By Nick Anich 25 Mar 2022
Red-bellied Woodpecker Melanerpes carolinus

Hello atlasers,

Although we realize the news updates out of Atlas Central have been infrequent lately, we have been quite busy running quality control on over 2.8 million observations collected by over 3,500 atlasers!

This dataset far exceeds the 172,000 observations collected for WBBA I, which will give us great explanatory power, but it takes a while to do the necessary screening!

The screening that occurs is primarily adjustment of the breeding code up or down based on your comments and time of year. Read more about how this looks on a checklist here.

The steps that have already occurred include:

  • We switched eBird portals for certain checklists (e.g., moving checklists into the atlas portal for conservation-priority birds, and moving checklists out of the atlas portal if they are long travelling counts or at general hotspots that cross block lines).
  • We screened records flagged by an automated process that flagged each species for date outliers (based on the Breeding Guideline Bar Chart) or species for code outliers (based on the Acceptable Breeding Codes Chart).
  • We manually examined every single comment you added and adjusted codes if needed.
  • We screened data that was hidden from normal eBird downloads (sensitive species, zero-count records, records hidden by users).
  • We screened for protocol errors (location misplots, long hours or miles, brought slashes and spuh records to species level if possible).
  • We developed code for R screening tools and our own internal postgres database for next steps, as the database is too big to even open in a single Excel spreadsheet!
  • We worked with eBird to develop further tools within eBird to facilitate quality control (the ability to adjust atlas codes while retaining the originally entered code, all breeding codes now appear on a map pushpin).

Our automated process flagged records to be evaluated by time of year (i.e.
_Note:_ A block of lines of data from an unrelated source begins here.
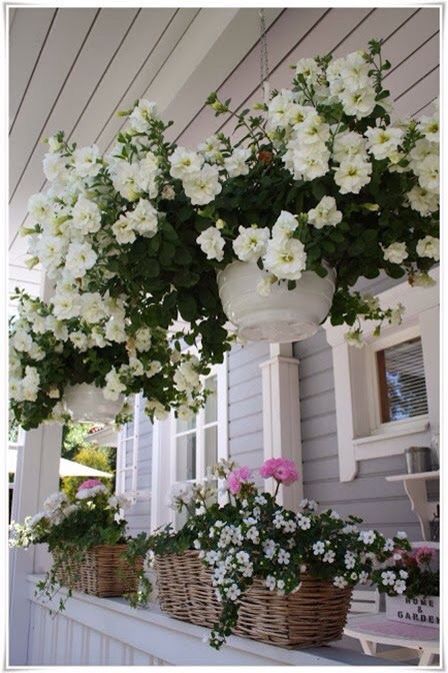 Hanging flowers Hanging Flower Baskets, Outdoor Pots, White Gardens, Container Flowers, Garden Cottage, Design Case, Petunias, Dream Garden, Hanging Baskets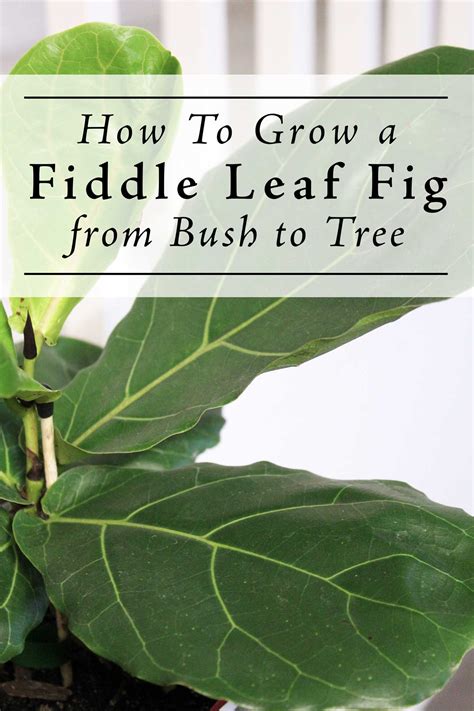 How To Grow A Fiddle Leaf Fig Tree From A Leaf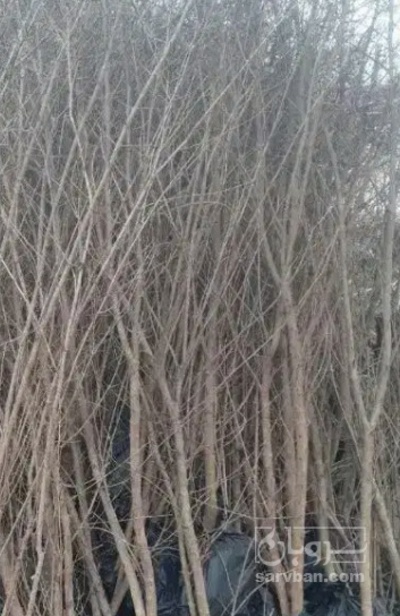 فروش نهال گلابی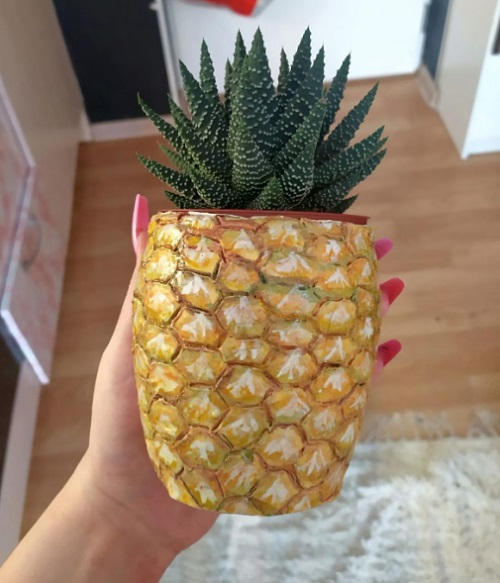 Fruit succulent planter 2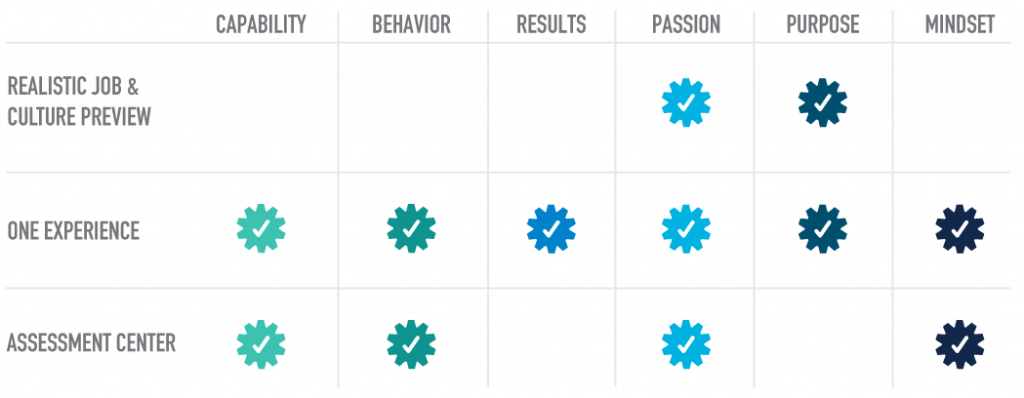 whole person model infographic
Before or After “B” from the Breeding Guideline Bar Chart) and breeding code (i.e. code 3 or 4 from the Acceptable Breeding Codes Chart) for each species.

We anticipate that these processes have caught about 80% of the existing errors (although not all edits are live on the maps yet, particularly for 2019 records).

With the above processes complete, we have reached a milestone – the conclusion of the bulk data review!

There are 3 remaining processes which will allow us to finalize the dataset, hopefully by this fall:

  1. Examining the Chronology Plot for to examine the outlying records for each code for a species (Spring 2022)

We will be examining very early or late records for each breeding code.

2. Examining the map view for remaining questionable records. [Coming Summer 2022 – You can help (this summer your atlas work will be mosquito-free)! Stay tuned for details]

We will be examining the range boundaries for each species.

3. Examining the final list of species in priority and specialty blocks (a final check to make sure none of the many levels of review messed anything up!) (Coming Fall 2022 — Looking for Principal Atlaser and County Coordinator help! Stay tuned for details)

We will be checking the final priority block lists to make sure we didn’t screw anything up!

Thanks for your patience — we are as anxious as you are to see the final results come out! We anticipate by the end of 2022 we’ll be moving into analysis and writing mode with a clean dataset.

A big thanks to Tom Prestby, Nick Walton, Aaron Stutz, Jack Coulter, and Gabriel Foley for crucial assistance in the screening process.